You have identified and documented all Single Points of Failure and implemented a solution or work around.
Point Expansion Checkup
Your Rating 1 to 5
Give yourself a "5" if:
9 Web Site Recovery
A disaster recovery plan and alternate site solution is in place to restore Web Site service in what is usually a very short time period. This may well be a separate plan from the more traditional DRPs. It requires extremely fast response action since any outage of a web site is immediately known by all.

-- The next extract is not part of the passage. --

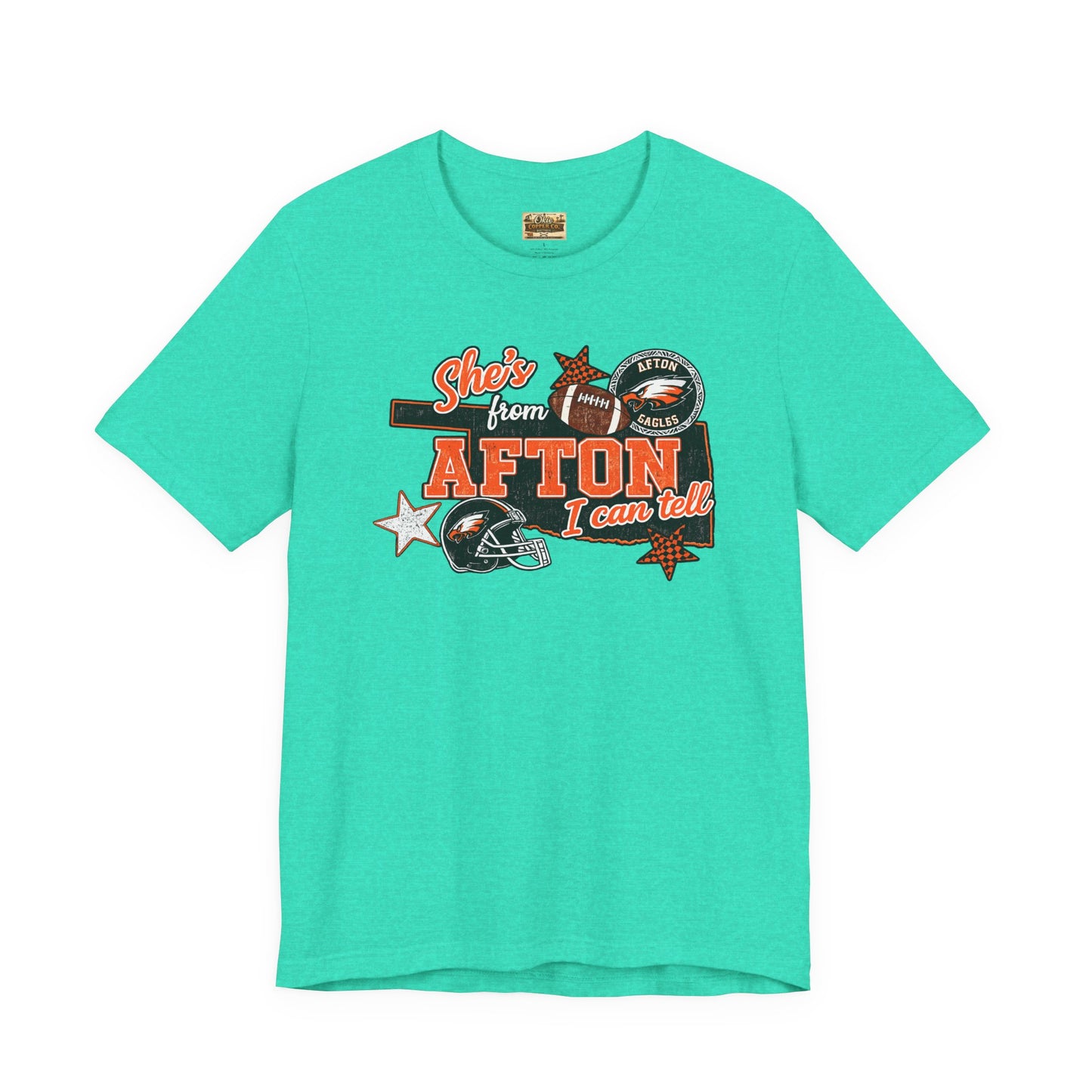 Afton Football Town Retro Graphic Tee — "Shes from Afton I can too"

Your web site recovery plan is actually documented, alternate site contains redundant equipment, data is mirrored and a failover procedure can be implemented quickly.
10 Business Unit DRP's
Detailed disaster recovery plans are in place and have been tested for all critical business units.
All critical departments have a Team Leader identified and a set of response steps that have been tested.
11 Change Management
The DR Team is in the loop when all infrastructure (HW, SW, Net, etc) changes, upgrades, removals, etc. are planned.
You are part of the planning process and are nor 'Surprised' when changes are made.
12 Awareness Training
A regular program is in place, corporate-wide, to conduct disaster recovery awareness and crisis management training workshops.
Disaster Recovery and Crisis Management training are a part of the program just like training in technical skills, and drills have been conducted.
Jan Persson, CDP, has worked in the I.T. field since 1967. He began his disaster recovery involvement in 1980 and in 1985 started his own disaster recovery consulting practice, PERSSON ASSOCIATES. He has written and/or audited over 200 DR Plans, worked for and with the 3 major disaster recovery firms, conducts DR training seminars and workshops, and continues to take an active, hands-on, role in DR activities in all size shops and environments.